### PROBLEM REQUIREMENTS:
Everything from the line with "Sodium Chart" down to the line with "절리면 충진 전․후 전단강도 값의 변화" below must be printed exactly, those two lines included. Exclude pictures.

___ INFORMATION ___

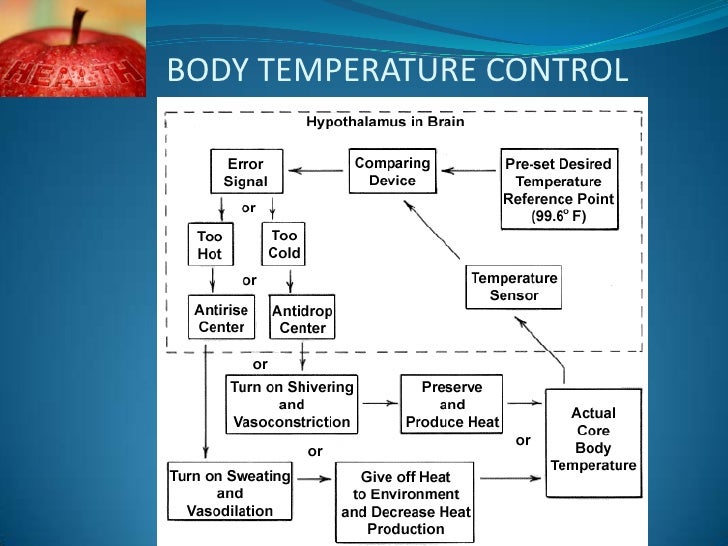 Effects of climate Changes on Human Health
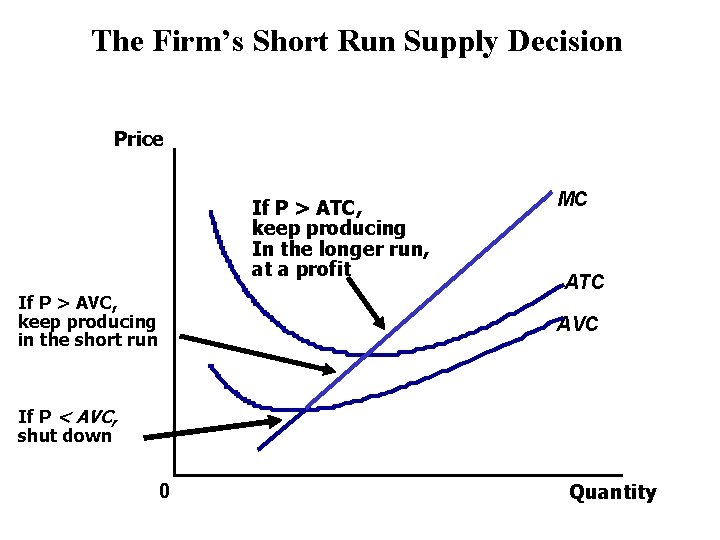 The Firm’s Short Run Supply Decision Price If P > ATC, keep producing In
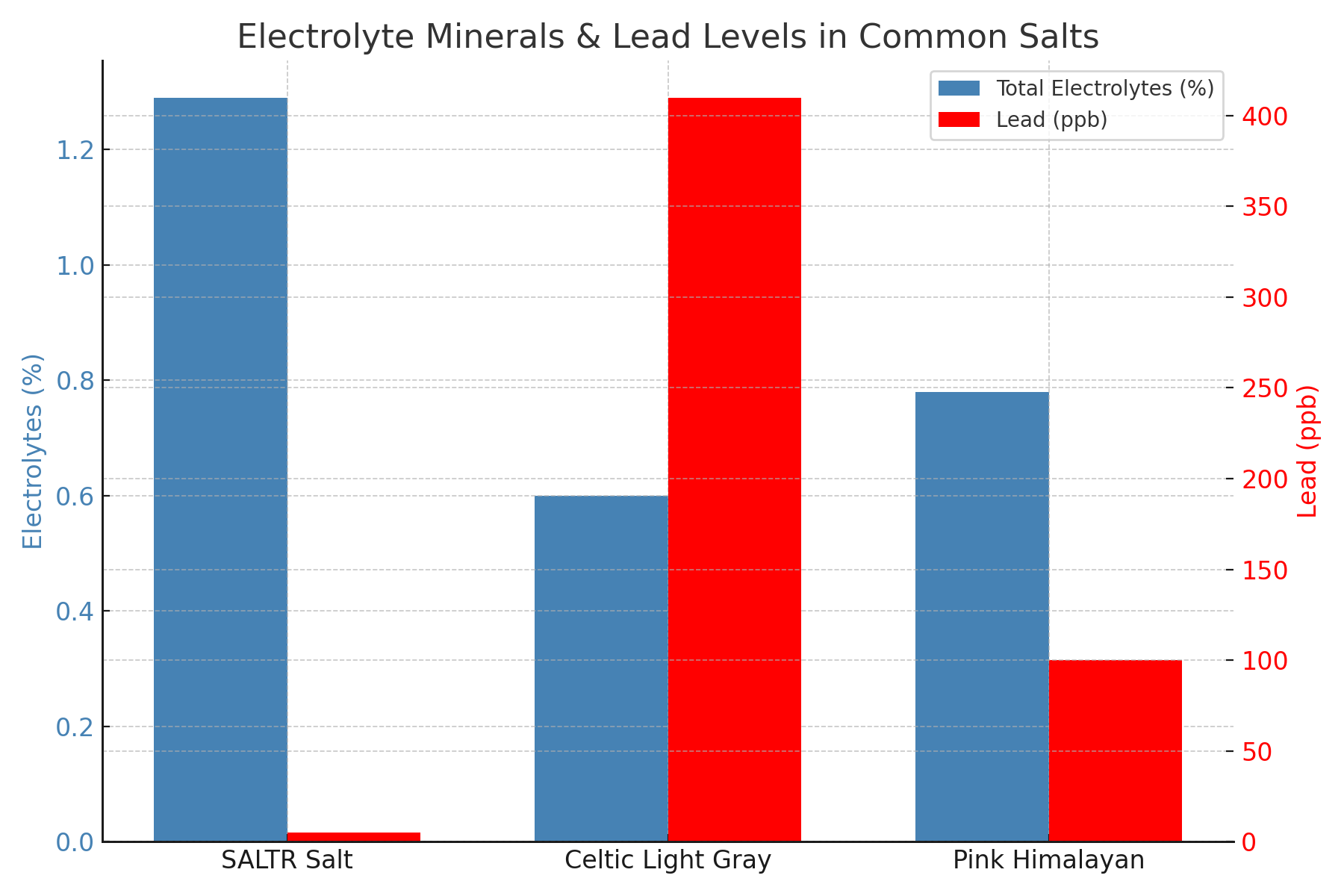 Sodium Chart
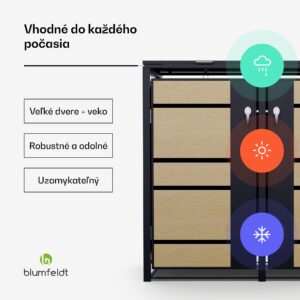 Blumfeldt BinSafe, box na odpadky, 2 odpadkové koše, 240 l, uzamykateľný, pozinkovaná oceľ odolná voči poveternostným vplyvom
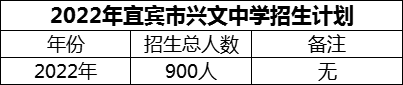 2024年宜宾市兴文中学招生计划是多少？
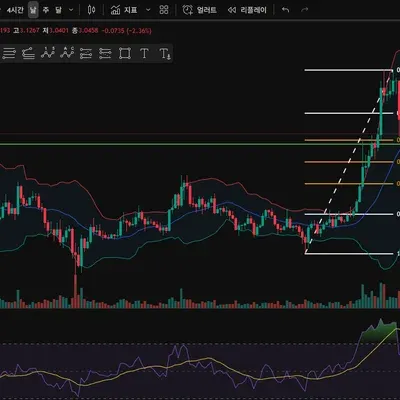 [30일 챌린지 39기 3주차] 트레이딩 활용 미션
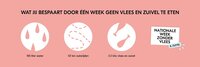 7 t/m 13 maart 2022: Nationale Week Zonder Vlees en Zuivel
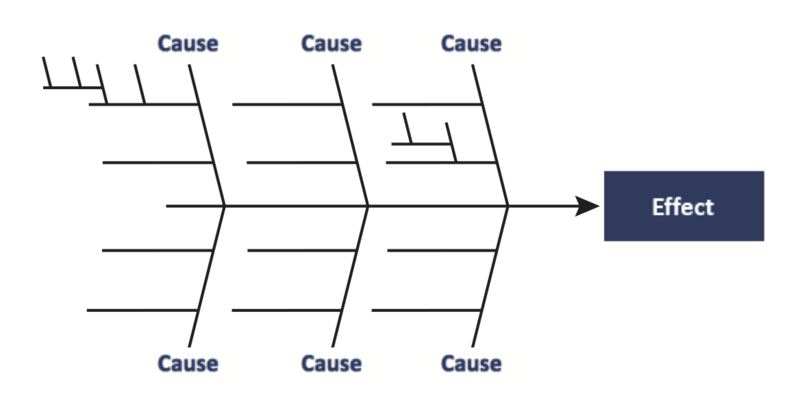 File:Step3.png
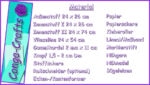 Anleitung Gutschein-Organizer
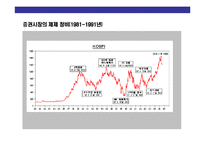 [우리나라 주식시장 이해] 우리나라 주식시장 이해-17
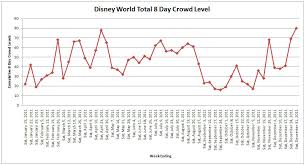 Disney World Crowd Calendar 2011 Disney World Planning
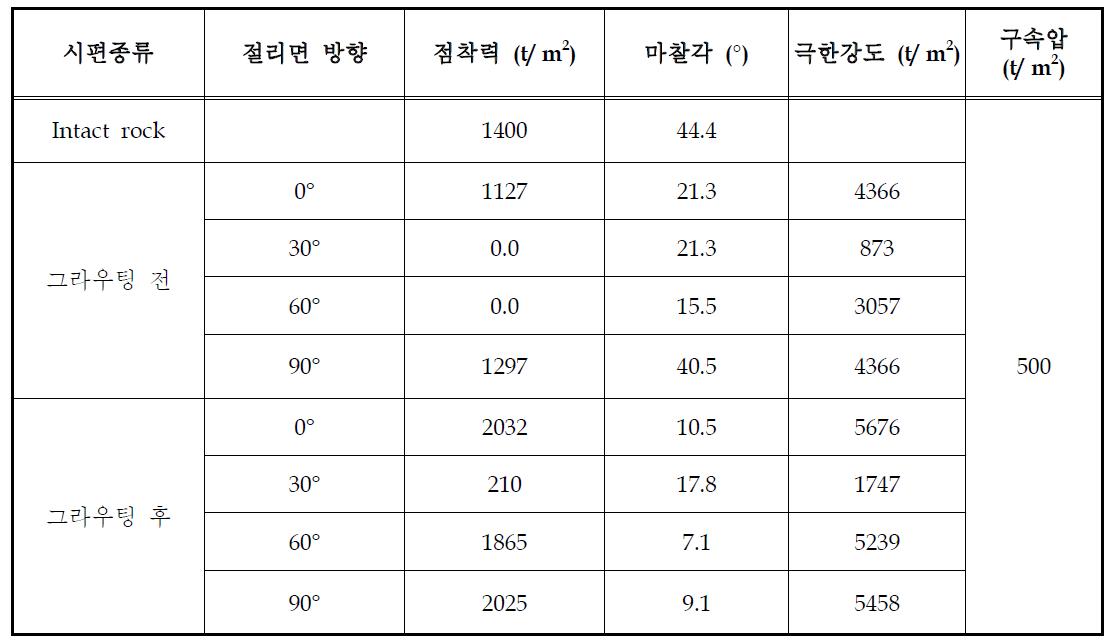 절리면 충진 전․후 전단강도 값의 변화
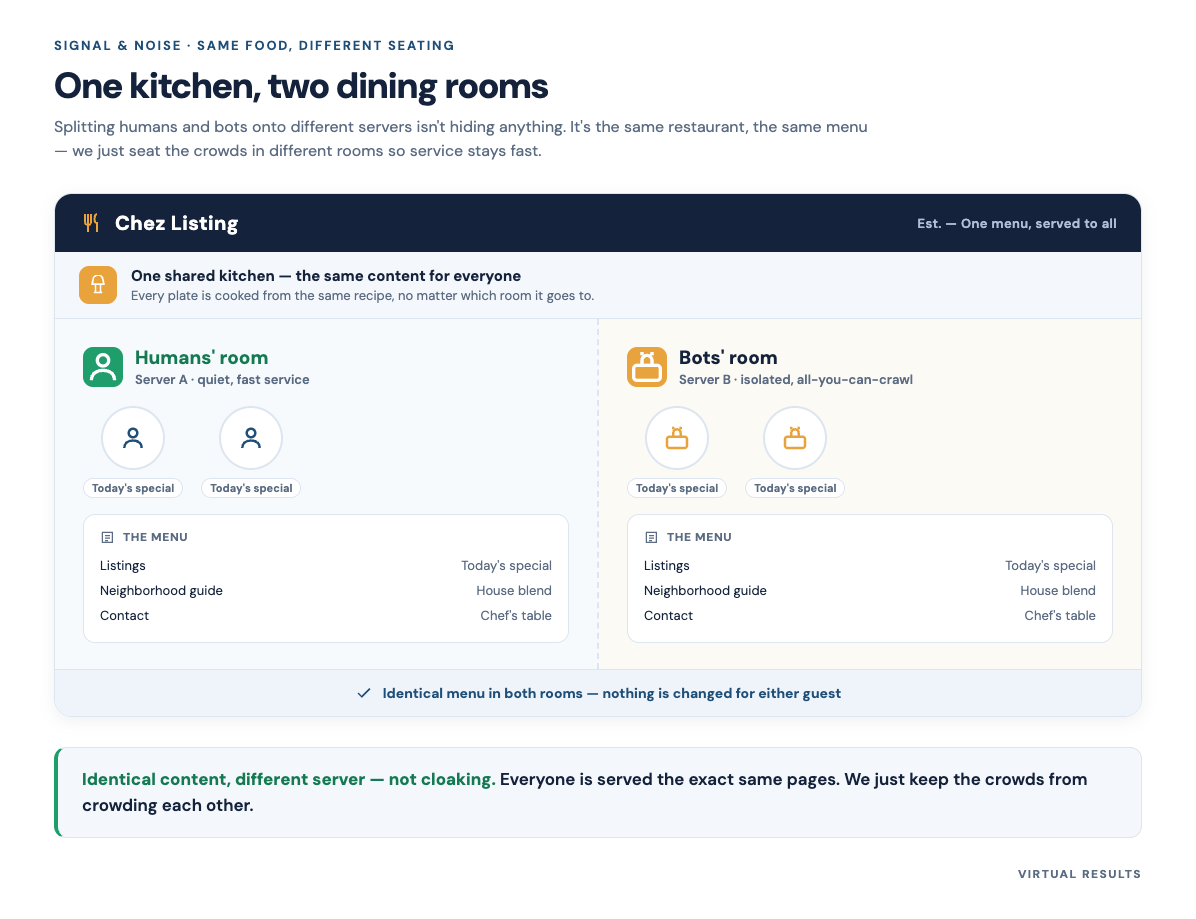 Fun branded restaurant diagram showing humans and bots seated in different sections of the same establishment, both served from one kitchen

___

### ANSWER BOX:
 Sodium Chart
 Blumfeldt BinSafe, box na odpadky, 2 odpadkové koše, 240 l, uzamykateľný, pozinkovaná oceľ odolná voči poveternostným vplyvom
 2024年宜宾市兴文中学招生计划是多少？
 [30일 챌린지 39기 3주차] 트레이딩 활용 미션
 7 t/m 13 maart 2022: Nationale Week Zonder Vlees en Zuivel
 File:Step3.png
 Anleitung Gutschein-Organizer
 [우리나라 주식시장 이해] 우리나라 주식시장 이해-17
 Disney World Crowd Calendar 2011 Disney World Planning
 절리면 충진 전․후 전단강도 값의 변화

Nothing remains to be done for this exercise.